The flag was showing its age – the color had faded and the fabric had weathered. But to Barry Lutz, it is irreplaceable.
The flag belonged to his late father, Jack, a World War II veteran who would hang the flag outside his home on holidays.
After his death three years ago, Barry Lutz upheld the tradition on his own block, hanging the flag as a tribute to his father and other veterans in the neighborhood.
"One of the things that we brought back to Philly after his death was that flag," Lutz said. "It was nothing special. It was probably bought in Kmart. But it was the flag he flew outside of his house for holidays."
Lutz simply wants whoever took the flag to return it to his home on the 2900 block of Poplar Street. He said there will be no questions asked.

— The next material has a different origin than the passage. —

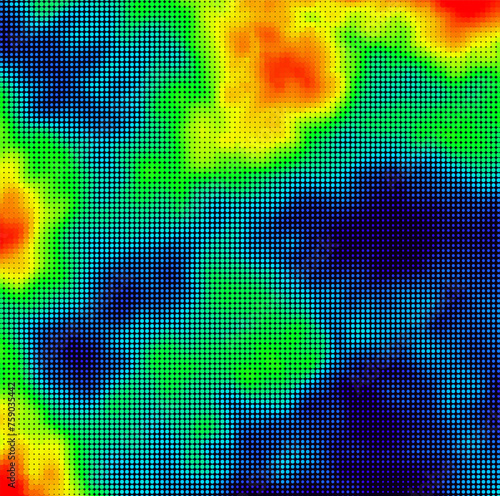 Heat Map Background. Infrared Thermal Camera Landscape Scan. Temperature Scanner Radar Global Warming Concept. Vector Illustration.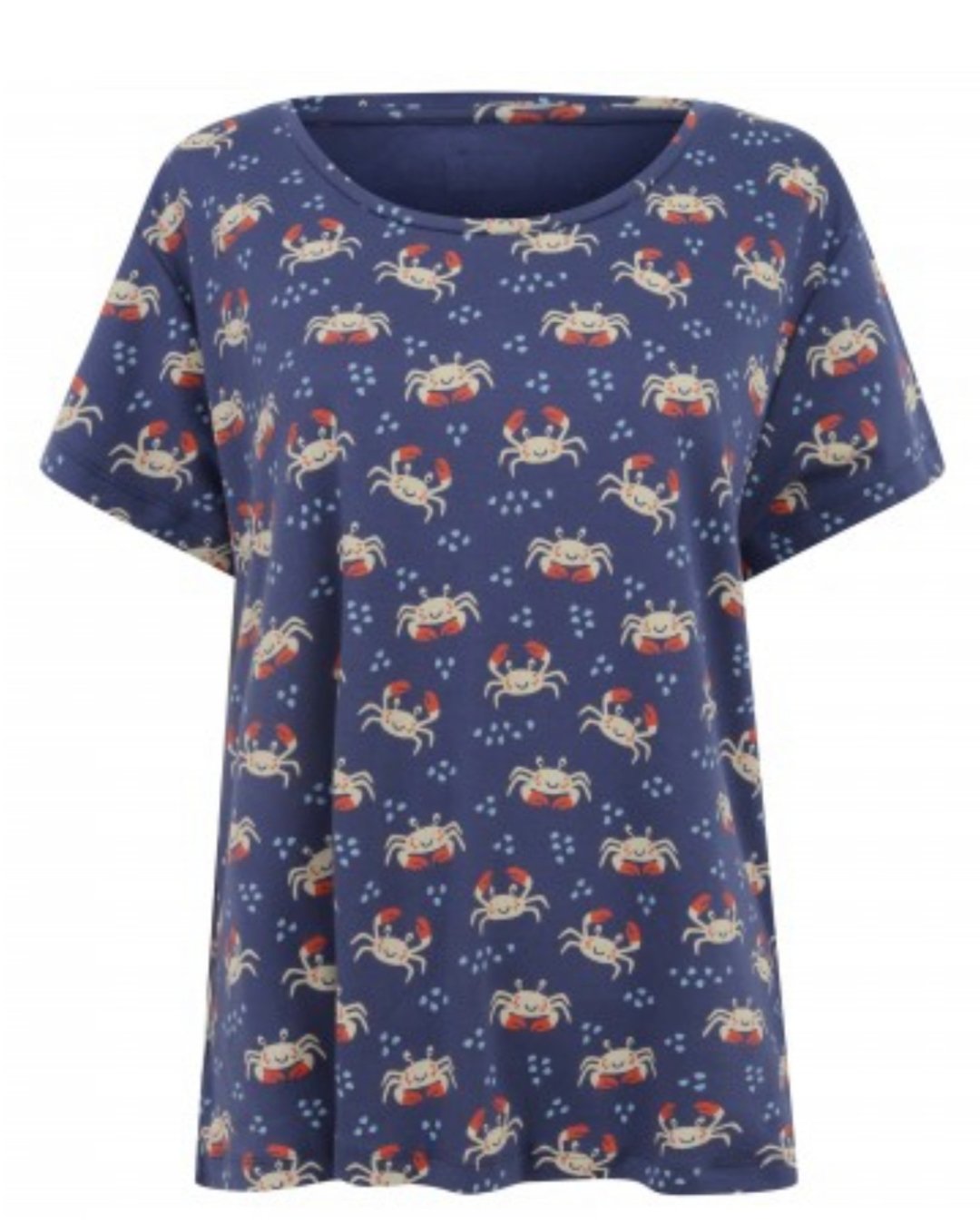 Blaues T-Shirt für Damen von piccalilly aus Biobaumwolle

Lutz posted his request on NextDoor, a social media app that allows users to interact exclusively with the people who live in and near their neighborhood.
"It belonged to my father, a World War II veteran," Lutz wrote in the post. "It is worth nothing to you, but everything to my family. Please."

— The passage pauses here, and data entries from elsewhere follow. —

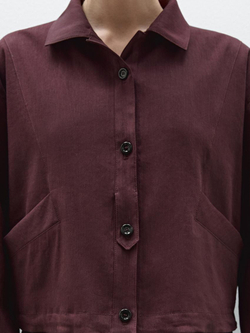 Massimo Dutti Куртка-бомбер из струящейся смесовой льняной ткани, бургундский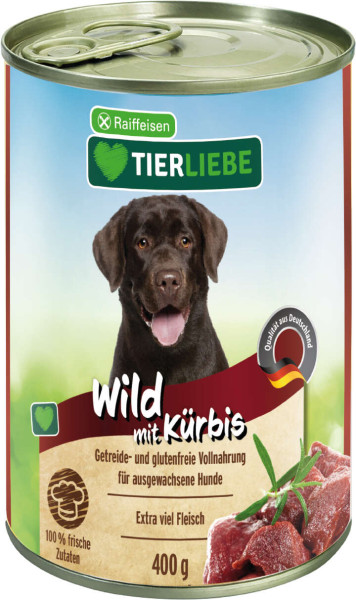 Raiffeisen Tierliebe Hund Wild mit Kürbis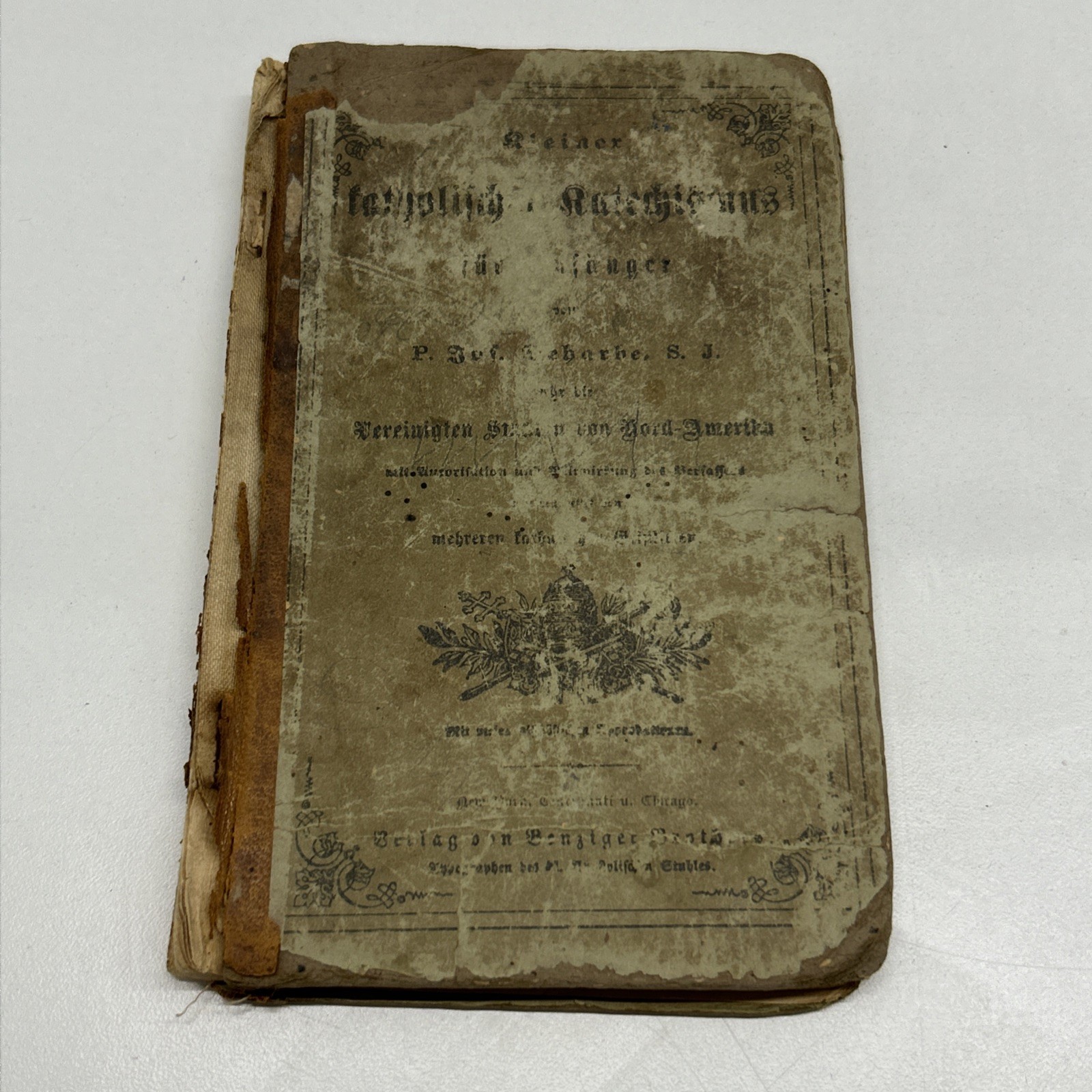 Antique 1883 Small Catholic Catechism For Beginners Book German Translation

As of Thursday afternoon, he had not received the flag.
"I've gotten a lot of sympathy," Lutz said. "So many people come through our neighborhood for the celebration that (don't) get reached by that site."
Each year, thousands of people flood the Parkway for the city's annual Fourth of July celebration. Many park their cars in Fairmount or pass through the neighborhood by foot or bicycle.
Lutz said four flags, including his own, were taken from his block.
"Someone just came through that night and just grabbed every flag they could gather and just took off," Lutz said.
Jack Lutz was stationed in the Aleutian Islands during most of World War II, his son said. He served as a communications specialist, testing both the internal and external radio systems of the B-17 and B-29 bombers. He also was a disc jockey for the Armed Forces Radio Service.
After the war, Jack Lutz taught at the Robert Morris School in Brewerytown and served as a principal of three elementary schools in the Plymouth-Whitmarsh School District in Montgomery County.
He later spent three decades in Africa, holding varying roles at schools in Ethiopia, Nigeria and Sierra Leone. In 1996, Jack joined the Peace Corps and taught college in Poland for several years.
Barry Lutz had taken to honoring his father by hanging his flag.
"This is the first thing that I've ever had stolen that's not replaceable," he said. "That's a new thing for me."